Two
works by James Yannatos frame this recording of Piston's Third
Symphony. Yannatos is a resident of NYC who studied at the High
School of Music and Art and Manhattan School of Music. His more
advanced studies were with Hindemith, Milhaud and Boulanger. He
studied conducting with Bernstein and Steinberg. He has been director
of this orchestra since 1964. His Concerto for String Quartet
is in three movements played without break. He is another
modern apostle of the lyrical in music with the language broadly
taking in a decidedly Tippett-like ecstasy (Triple Concerto and
Corelli Fantasia), Schnittke's complexity, Bachian fantasy
and the sort of poetry at the heart of the less athletic moments
in Elgar's Introduction and Allegro. Much to enjoy here
- a lovely touch as the chaffing violin solo is picked up by the
tinking bell in the work's farewell. Yannatos's Third Symphony
is in four movements, again played without pause, but
here tracked individually as with the Quartet Concerto. Once again
the work seethes with that piercing and swooning nostalgia we
know from Tippett but with the brakes off as it were. The echoes
are quite striking without being at all plagiaristic or off-putting.
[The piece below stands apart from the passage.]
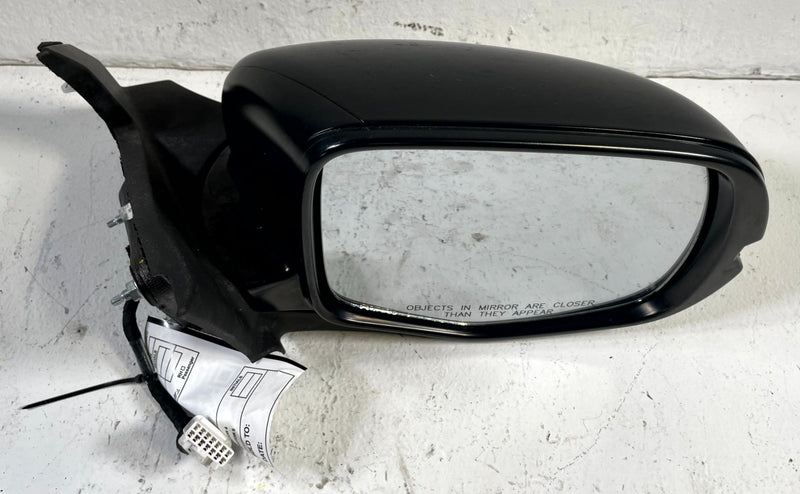Load image into Gallery viewer, 2019-2025 HONDA PASSPORT FRONT RIGHT SIDE EXTERIOR DOOR MIRROR BLACK # 107484
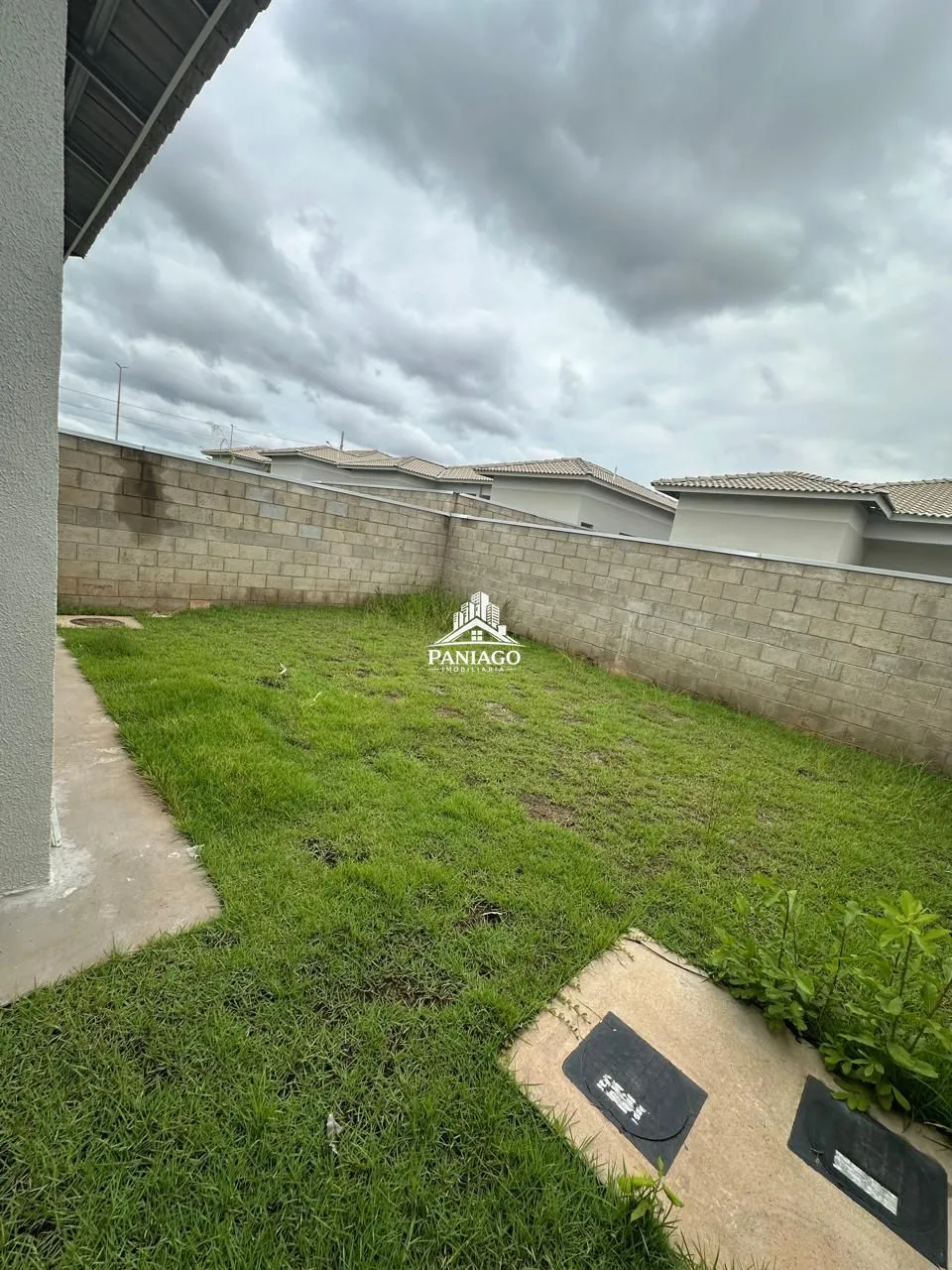 Imagem Casa para locação no Bairro chapéu do sol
There is a real sincerity radiating from this very fine music.
On the evidence of these two works Yannatos's first love is for
the strings of the orchestra for which he writes with a poignant
eloquence.
The
Piston Symphony followed the incomparable Second after
a pause of eight years. During that time the composer had found
a more severe persona although the tendrils of his singing voice
are still partially evident. There are four movements (slow -
fast - slow - fast) and the slow movemetns are about twice as
long as the fast ones: roughly 10 mins-5-10-5. The opening andantino
and the third movement adagio do not relax much at all.
They are rather grey and unrelieved ... perhaps a little like
a rather stolid Rubbra adagio. The first allegro
is jerky as is the second one which remains academically patterned
and earth-bound despite some humour. They lack the jazzy delight
of the finale of the Second Symphony. The symphony was written
in memory of Natalie Koussevitsky. It represents a dip in the
Piston symphonic outline.
These
are very fine recordings taken from live concert performances
without any obvious fluffs or intrusive audience participation.